Bir defasında zanlılardan biri, ''Ağabey ben Ahmet'' diyerek
aradığı İstanbul'da kontörleri toplayıp paraya çeviren çete
yöneticisi tarafından tanınmadı. Şebeke liderlerinden bu kişi,
''Hangi Ahmet, lakabın ne?'' deyip, lakabını öğrenmesiyle görüşmeyi
devam ettirdi.
Hangi lakabın kime ait olduğunun belirlenmesinde sıkıntı yaşayan
polis ekipleri, fiziki takiple kimlikleri belirledi. Örneğin,
''Aslan ve Ejderha''nın buluşmasını takip eden ekipler, bunları
görüntüleyerek kimliklerini daha sonra belirledi.
Telefonda görüşmeler yapan Şanlıurfa'da yaşayan zanlılar prim usulü
çalışıp, günde dolandırdıkları kişi sayısına göre gelir elde
ediyor. Buna karşın şebeke yöneticileri geliri ortak bölüşerek,
daha yüksek gelir sağlayıp, lüks bir hayat yaşıyor.
Özellikle İstanbul'daki çete lideri ve adamlarının, lüks düşkünü
olduğu, son model pahalı araçların yanı sıra değerli
gayrimenkullere sahip oldukları tespit edildi.
Şebeke üyeleri ortalama günde 20 bin, ayda ise 1 milyon liraya
kadar vatandaşları dolandırıyor.
Zanlıların, tek seferde en çok İstanbul'dan 150 bin, Adana'dan da
120 bin liralık kontör aldıkları belirtildi.
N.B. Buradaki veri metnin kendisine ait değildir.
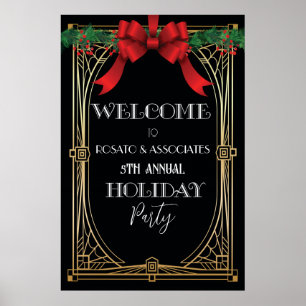 Póster Cartel de bienvenida Art Déco de las fiestas de la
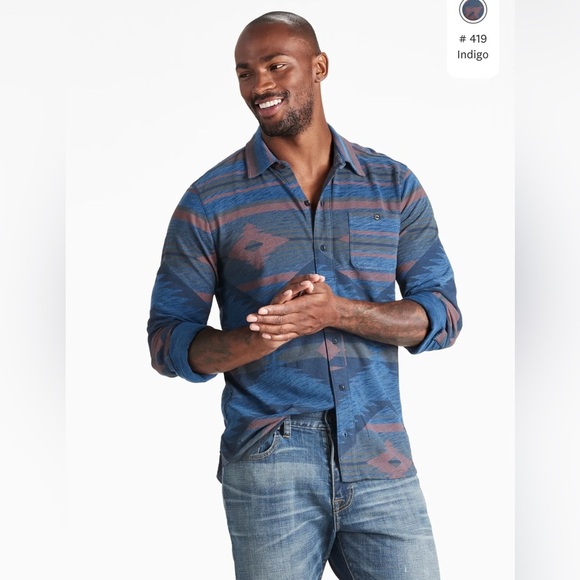 Lucky Brand Other - Men's vintage lucky brand true Indigo Printed button down dress shirt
DAR GELİRLİLERİ BİNLERCE LİRA DOLANDIRDILAR
Şebekenin kapıcı, temizlikçi, dul veya yaşlı kadın ile düşük maaş
alan memurları da binlerce lira dolandırdıkları belirlendi.
Evlere temizliğe giderek günlüğü 40 liraya çalışan M.P. (35) de
dolandırılan mağdurlar arasında yer alıyor.
Telefonunu 24 saat süresince açık tutan M.P. bir yakınının
''dolandırılmış olabilirsin'' uyarısı üzerine durumun farkına
vardı.
Bir tekstil fabrikasında çalışan F.K. (32) ise dolandırıcıların
istediği kontörleri yetiştirebilmek için ailesindeki tüm kredi
kartlarını kullandı.
Dolandırıldığının farkına vardığında artık ''borç batağında'' olan
F.K, dolandırıcılara kontör yetiştirebilmek için 12 bin TL'lik
harcama yaptı.
Şebekenin bir diğer mağduru, kocası öldükten sonra tek başına
yaşayan emekli E.F. (75) ise maaşı aldığı gün dolandırıcıların
tuzağına düştü. Cebindeki son paraya kadar tüm maaşını kaptıran
E.F, ısrarla kontör göndermeye devam etmesini isteyen zanlılara
olumsuz yanıt verince hakaretle karşılaştı.